Middles in Godard’s Late Work
Godard reactivates tennis as a motif in his late films and videos, again conceptualizing the sport as a vehicle of dialogue and self-conscious, critical rumination. In Soft and Hard (1985), his made-for-TV video essay co-directed with Anne-Marie Miéville, Godard, in one of the program’s most memorable segments, practices his backhand, swinging a tennis racket in his and Miéville’s living room while video freeze-frames study his movements. In another, equally striking segment, he mimes a performance as a tennis player, serving an invisible ball (one thinks of the enigmatic ending of Antonioni’s Blow-Up (1966)) in the direction of the lens, which is to say, of us. Indeed, this mimed serve is a gesture of address to the viewer, one that acknowledges our dialogical role in Godard-Miéville’s critical exploration. The act implies a receptive other, not simply a recipient but a returner, in the sense of Serge Daney’s remarks in the above epigraph. As I argue elsewhere, Soft and Hard, not unlike many of Godard’s late-period instances of self-portraiture, is a work acutely focused on elements of interpersonal dialogue – between Godard and his interlocutor, between the spectacle and the viewer – that fly in the face of, and pose correctives to, monological idioms that reign on television, particularly television news. The tacit, virtual space of exchange between ourselves and the work onscreen is, of course, just as crucially significant for Godard’s practice as the dynamic interspace between himself and Miéville, which Soft and Hard highlights in its central conversation scene.
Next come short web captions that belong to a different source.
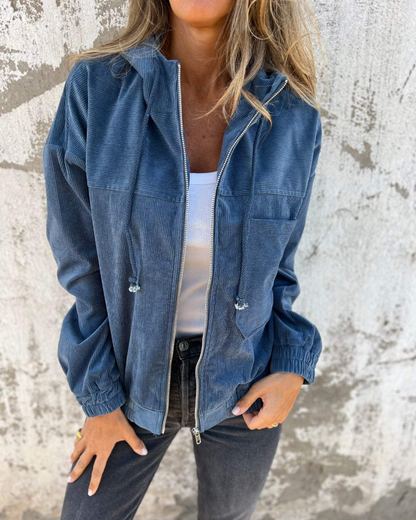 Veronika - Cord Stoffjacke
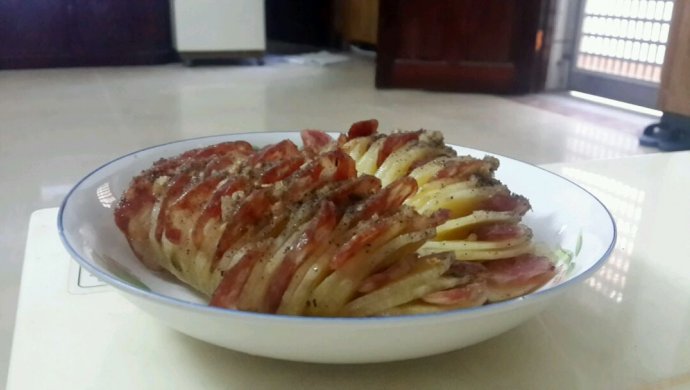 黑暗料理--风琴土豆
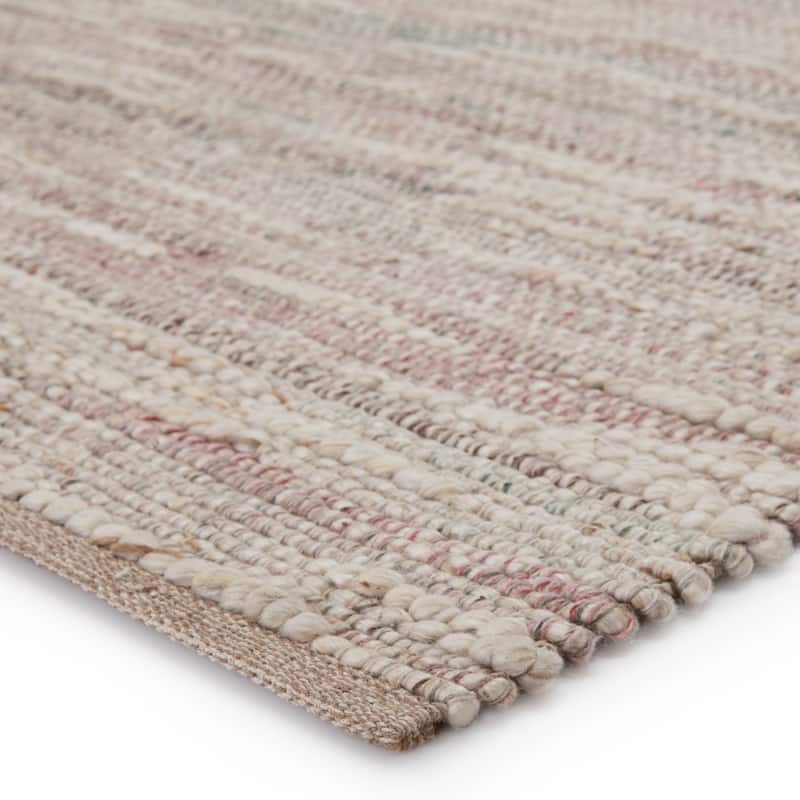 Warner Handmade Solid Area Rug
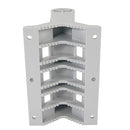 MikroTik QuickMOUNT Extra Wall Mount for Large Point to Point and Sector Antennas - Grey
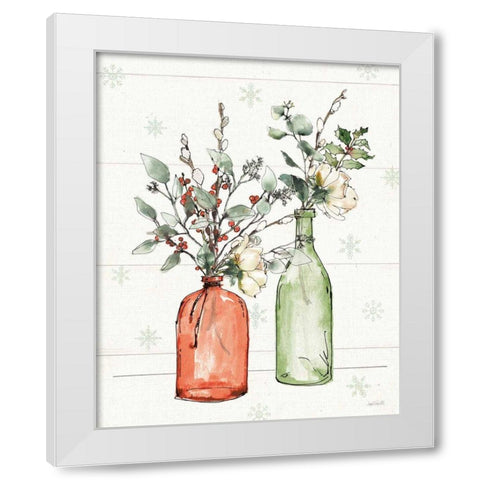 Modern Farmhouse II Christmas White Modern Wood Framed Art Print by Tavoletti, Anne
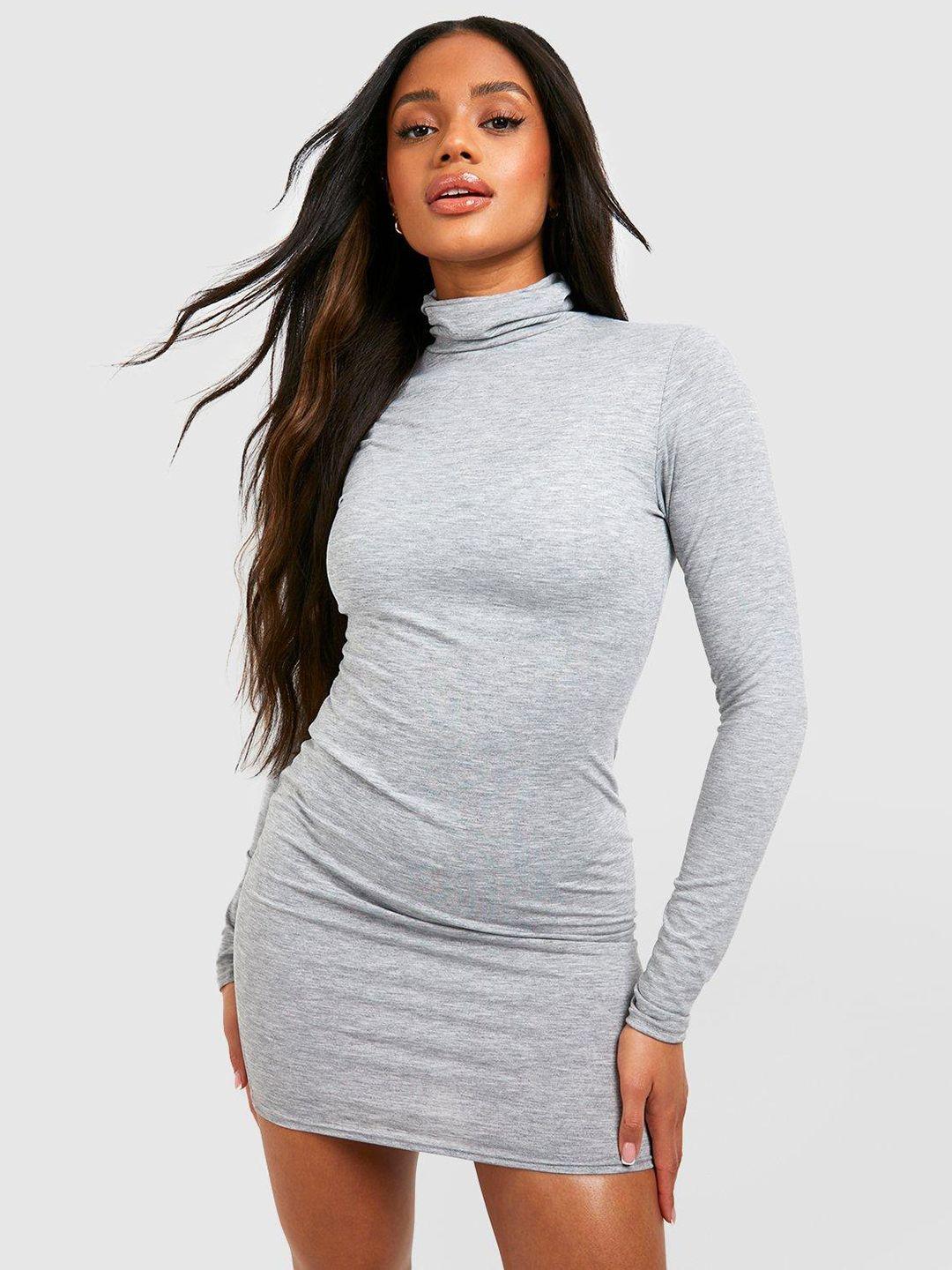 boohoo bodycon mini dress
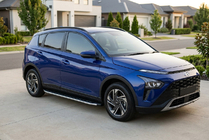 Hyundai Bayon 2021- Seitenschweller Fullmond (2 Stk., Aluminium) Foto 1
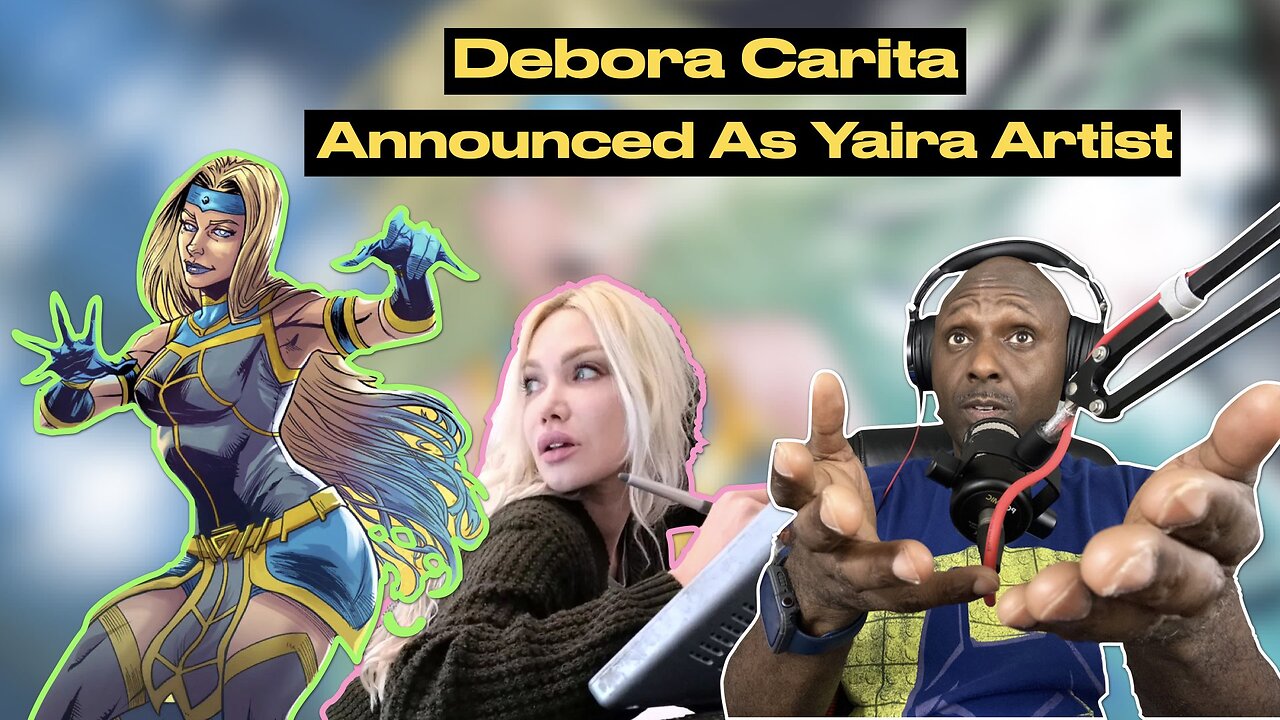 Debora Carita joins The Rippaverse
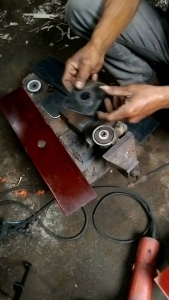 Pisau Mesin Rumput Tajam & Tahan Lama | Panjang 45 cm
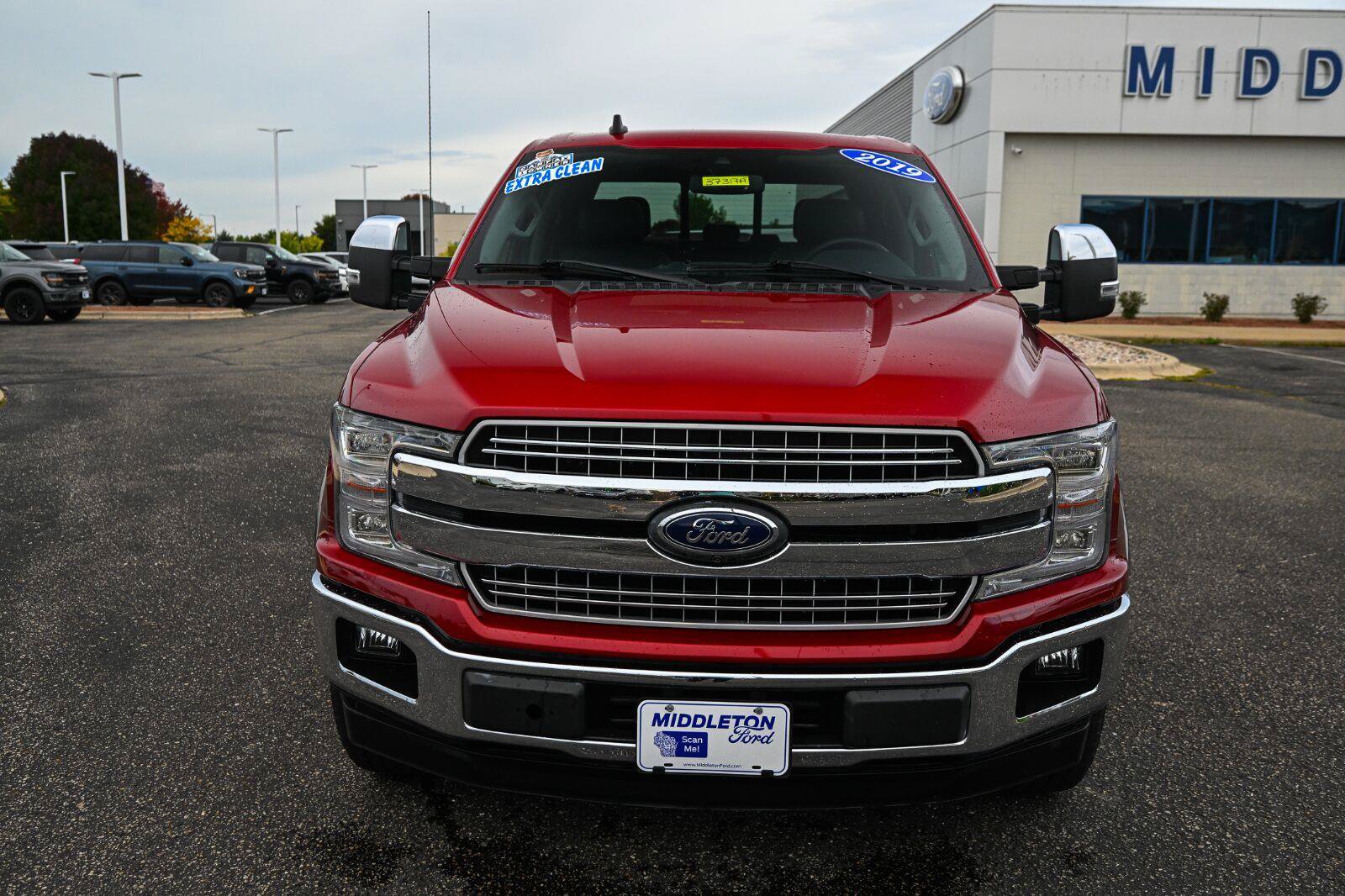 Certified 2019 Ford F150 Lariat w/ Equipment Group 502A Luxury AWD/4WD image 9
That, for Godard, the motif of tennis has to do with an interval of interaction, whereupon the self opens onto others, is further made apparent in a brief segment in JLG/JLG: Self-Portrait in December (1995) in which Godard, as JLG, shows up in a curiously presented tennis match on an indoor court of his athletic club in Rolle. As with the tennis scenes in Vladimir and Rosa, the film throws us into the middle of what seems to be a mixed doubles match, but JLG – with changes of his apparel that correspond chromatically to his partners’ outfits – switches between both sides of the net, at first playing a point with a young boy as his teammate and then playing another with a young girl as his teammate. This scene ties in with a series of encounters that JLG has in the film with others (housemaids, inquisitors, a blind editor, an aged woman in the forest) who physically enter his orbit, his life of solitude. If Godard’s mindfulness of his actual mortality infuses the film, his figurative death plays out across several scenes, as a stripping away of his authorial ego for the sake of his entry into intensive co-belonging with others, a movement couched by the last scene as a gesture of loving sacrifice. The tennis scene already has death on its mind, preparing the ground for the film’s conclusion. During the match, close-ups of Godard’s notebook pages are interleaved into the image track. Citing William Faulkner’s Requiem for a Nun (1951), the handwritten pages by Godard state: «The past is never dead. It’s not even past.» This prompts the film to cut back to the tennis match, where JLG, after failing to put his outstretched racket on his opponent’s passing shot, says with a smile, punning on Faulkner’s aphorism, «I am as happy to be passed as not to be passed.» Tennis thus occasions a reflection on dialogical connectedness and conveys JLG’s embrace of his looming death. His wordplay suggests a mindset both reconciled with his imminent pastness and accepting of his loss at the hands of his fellow player (fig. 9).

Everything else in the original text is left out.